R. Desde luego. Sólo los ingenuos pueden creer que la cultura te ayudará a ser majo.

P. ¿Ni eso nos vale?

R. La cultura no nos protege de nada. Los nazis son la prueba. Puedes sentir una admiración profunda por Beethoven o Mozart y leer el Fausto, de Goethe, y ser una mierda de ser humano. No hay conexión directa entre la cultura con C mayúscula y tus opciones políticas.

P. O éticas...

R. Eso mismo. Lo que trato de mostrar, de todas formas, con un personaje como Max es que también, en un periodo de la historia, aliarse con los nazis, para muchos, fue una opción ética. No es que eligieran ponerse de parte de los malos. Igual que los comunistas, optabas por una cosa u otra. Ser un demócrata, también. Incluso ahora, que ser un demócrata supone formar parte de un lado que a veces ampara cosas horribles, que tiene sus errores. Los que eligieron a los nazis, lo hicieron siendo conscientes de que tomaban un camino para ellos ético, cuyos errores o imperfecciones debían ser mejorados.

P. Pero todo aquel fracaso, aquel derrumbe ideológico nos ha hecho mucho más vulnerables, inseguros, nos ha dejado desnudos.


R. Así es la vida.

P. ¿Quería probar en su libro que no queda nada a lo que aferrarse después de aquello?

R. No soy un relativista.

P. Ah, no.


R. De ninguna manera. Mi trabajo lo que pretende es ayudar a comprender mejor las decisiones que cada uno tomamos y por qué las tomamos. Yo tengo las mías, mi propia ética, y no creo que ya sólo dispongamos de dos. Si tienes suerte, eliges las más decentes, incluso en tiempos difíciles podemos optar por cosas adecuadas, que eso es lo difícil. Hoy prácticamente nadie cuestiona el valor ético del capitalismo o la democracia y mira que hay cosas que se pueden cuestionar. Lo que me gustaría que aportara este libro es que hoy existen caminos éticos que se pueden seguir gracias a lecciones como aquélla. Aunque también ocurre que muchos chicos y chicas de cualquier Estado americano eligen marcharse a Irak a torturar gente. Éticamente están muy confundidos, está claro. Pero se puede entender esta confusión cuando existen juristas que en ese país legitiman la tortura, ¿qué puedes esperar? Cuando se les da una formación militar con arreglo a eso, ¿qué esperas? Si se pasan de la raya, ¿qué importa? O cuando contratas mercenarios para hacer el trabajo sucio, pues no deberían sorprendernos según qué atrocidades. No hay reglas. El problema es que las barreras que nos ponen no son sociales. No puedes esperar que alguien no te torture porque sea un buen tipo y se apiade, debes exigir que nadie torture a nadie, sencillamente porque existen leyes que lo prohíben y que eso se castigue.

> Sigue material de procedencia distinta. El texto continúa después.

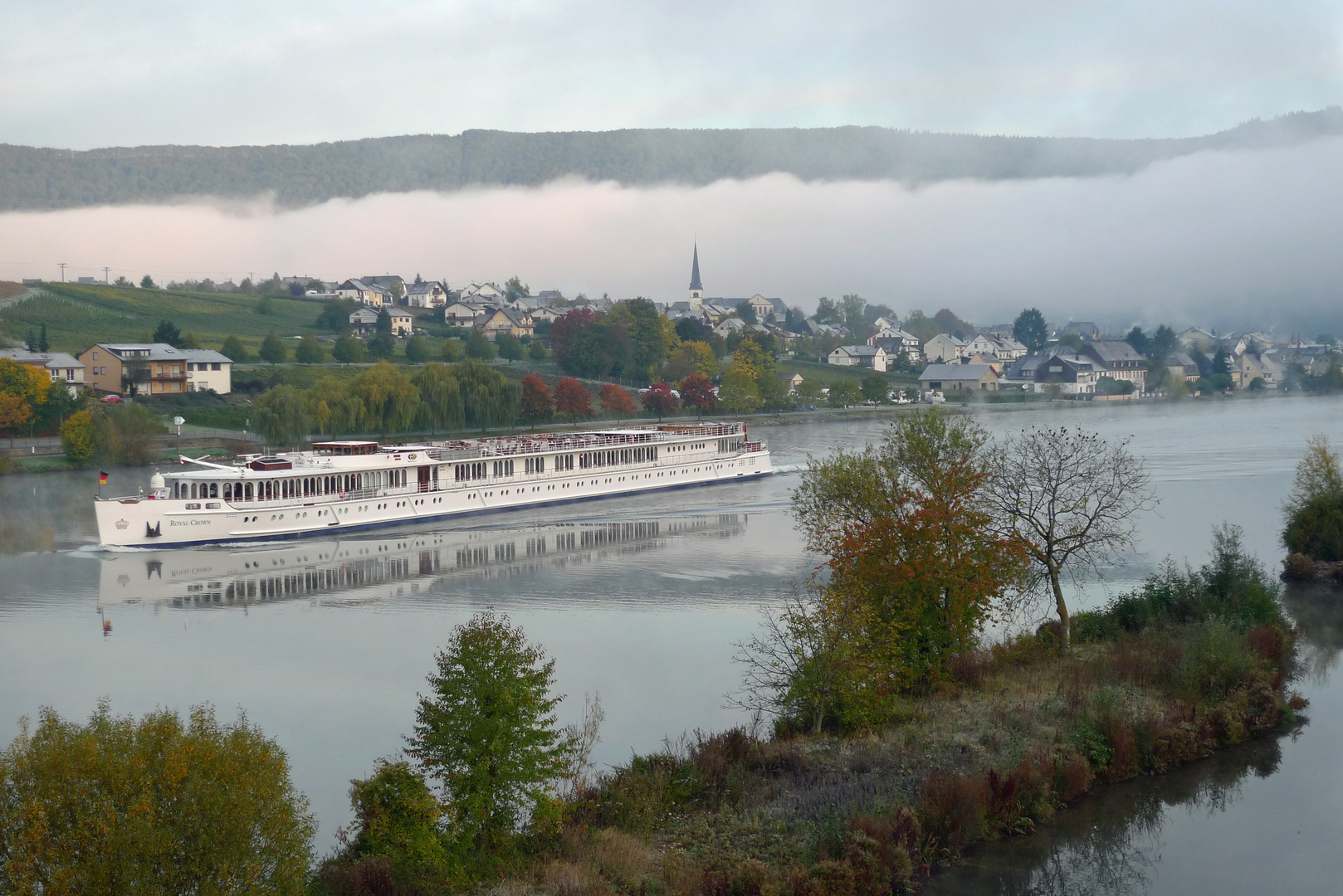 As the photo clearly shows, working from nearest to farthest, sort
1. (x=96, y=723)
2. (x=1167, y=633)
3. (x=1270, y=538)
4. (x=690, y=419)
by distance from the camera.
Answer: (x=96, y=723) < (x=1167, y=633) < (x=1270, y=538) < (x=690, y=419)

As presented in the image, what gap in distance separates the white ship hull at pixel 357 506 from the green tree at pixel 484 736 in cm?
2060

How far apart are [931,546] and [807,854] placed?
5302 millimetres

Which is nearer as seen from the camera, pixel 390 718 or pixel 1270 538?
pixel 390 718

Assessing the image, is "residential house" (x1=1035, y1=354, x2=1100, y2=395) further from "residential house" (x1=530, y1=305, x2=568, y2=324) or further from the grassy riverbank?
the grassy riverbank

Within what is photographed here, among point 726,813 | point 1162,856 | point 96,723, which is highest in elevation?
point 96,723

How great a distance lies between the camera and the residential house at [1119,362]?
96.0 meters

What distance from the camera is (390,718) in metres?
15.1

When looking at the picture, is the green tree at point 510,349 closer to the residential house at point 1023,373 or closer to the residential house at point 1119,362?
the residential house at point 1023,373

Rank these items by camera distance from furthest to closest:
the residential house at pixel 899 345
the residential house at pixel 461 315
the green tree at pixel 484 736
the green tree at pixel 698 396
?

P. El caso es que contra el relativismo tampoco vamos a resucitar un absolutismo de blancos y negros. ¿Cuál es la salida?


R. Cuando Dios desaparece, se nos presenta un dilema. Los valores deben referirse a algo, deben venir de algún lugar. En un mundo sin Dios, era difícil implantar un sistema ético y moral. Las ideologías vinieron a hacerlo, a reemplazarlo, pero también fracasaron, así que ahora no tenemos nada. Y los iPod no van a construirlo. Ni la venta y la compra o la publicidad. Estos valores en los que estamos del consumismo, el ganar dinero, no son nada. Nuestra sociedad se desliza por la memoria que le queda de haber formado parte de los buenos. Vive de los restos.

P. Y cuando dice que nos deslizamos, ¿ni siquiera usted confiesa contar con una sólida moral?


R. No digo que yo no la tenga, creo que la sociedad carece de eso.

P. En Estados Unidos, ahora hay más predicadores que nunca en la tele. ¿De dónde salen?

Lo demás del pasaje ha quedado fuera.